Problem to work on: The full listing should be written out verbatim, and its images should be dropped.
Dataset entries: Begin
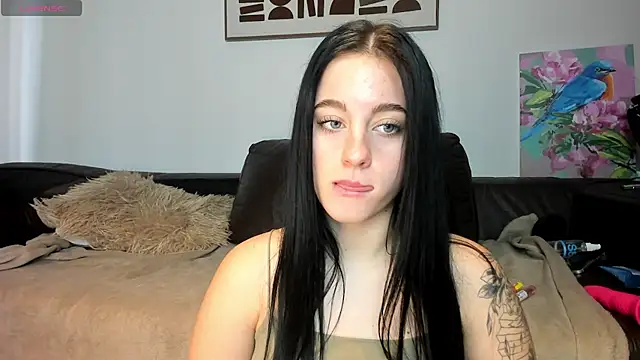 LexiSinnn online show from 12/17/25, 09:04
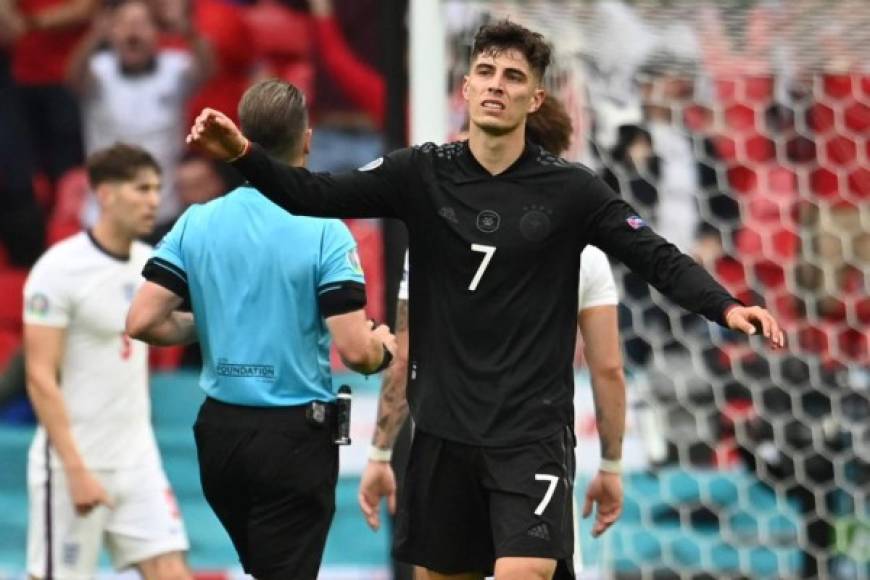 Alemania fue despachada de la Eurocopa en la fase de octavos de final y la tristeza era evidente en la plantilla.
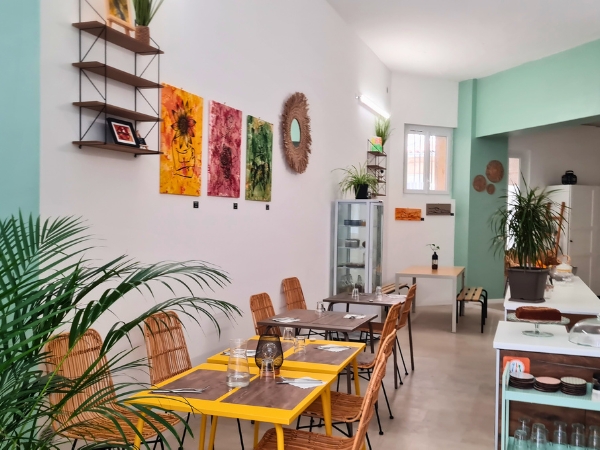 Cantine comptoir naturo avec chaises et tableaux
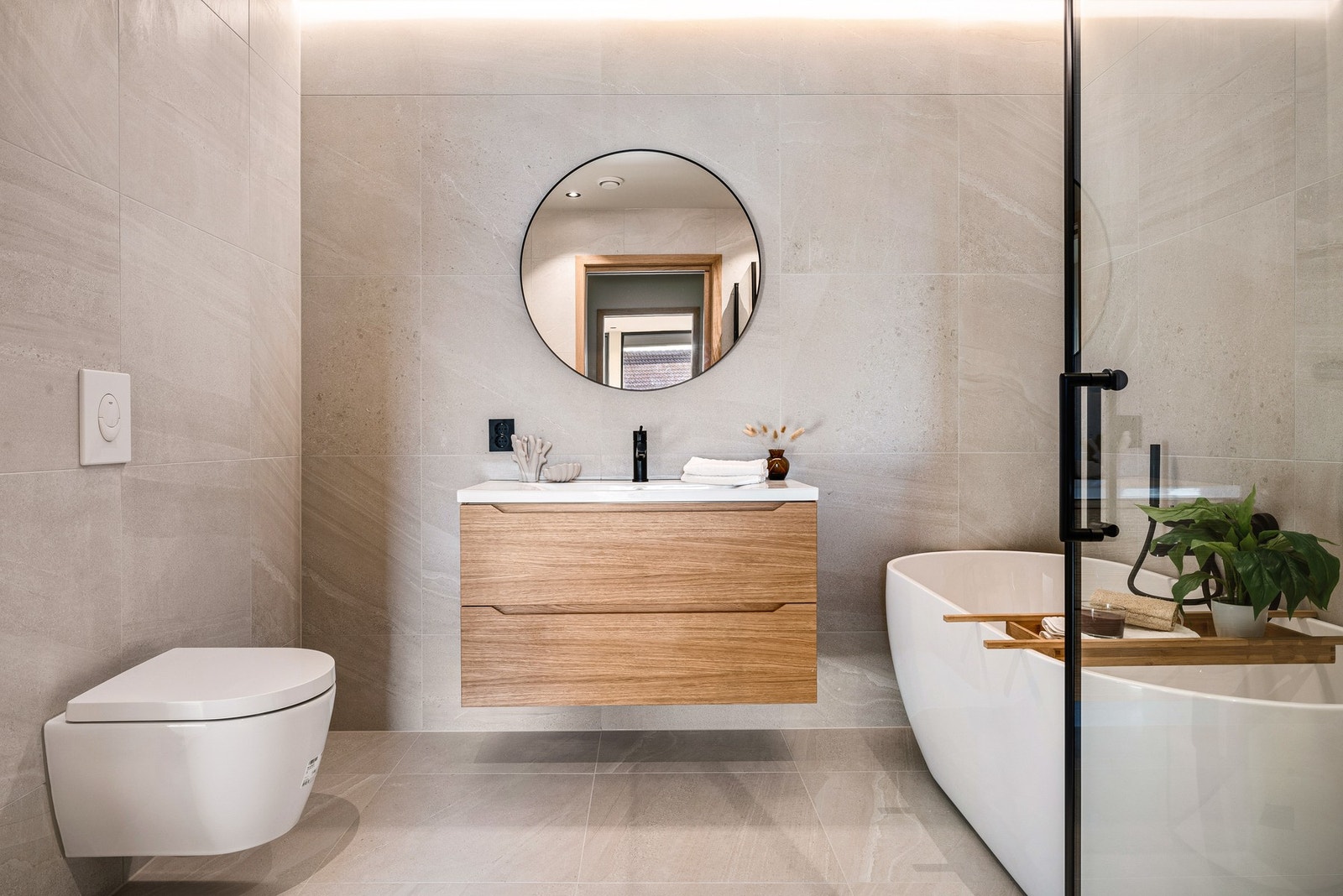 Alle baderommene har stilsikker innredning fra Linn bad type Emma Eik. Galleribilde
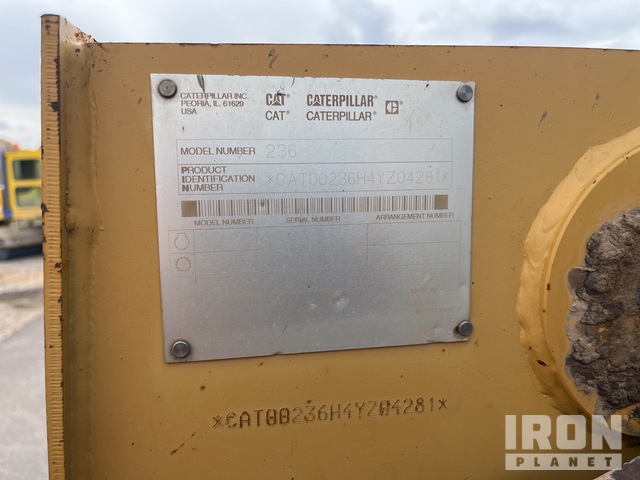 MINI CARGADOR SOBRE RUEDAS 2001 CATERPILLAR 236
Dataset entries: End
Written answer:
 LexiSinnn online show from 12/17/25, 09:04
 Alemania fue despachada de la Eurocopa en la fase de octavos de final y la tristeza era evidente en la plantilla.
 Cantine comptoir naturo avec chaises et tableaux
 Alle baderommene har stilsikker innredning fra Linn bad type Emma Eik. Galleribilde
 MINI CARGADOR SOBRE RUEDAS 2001 CATERPILLAR 236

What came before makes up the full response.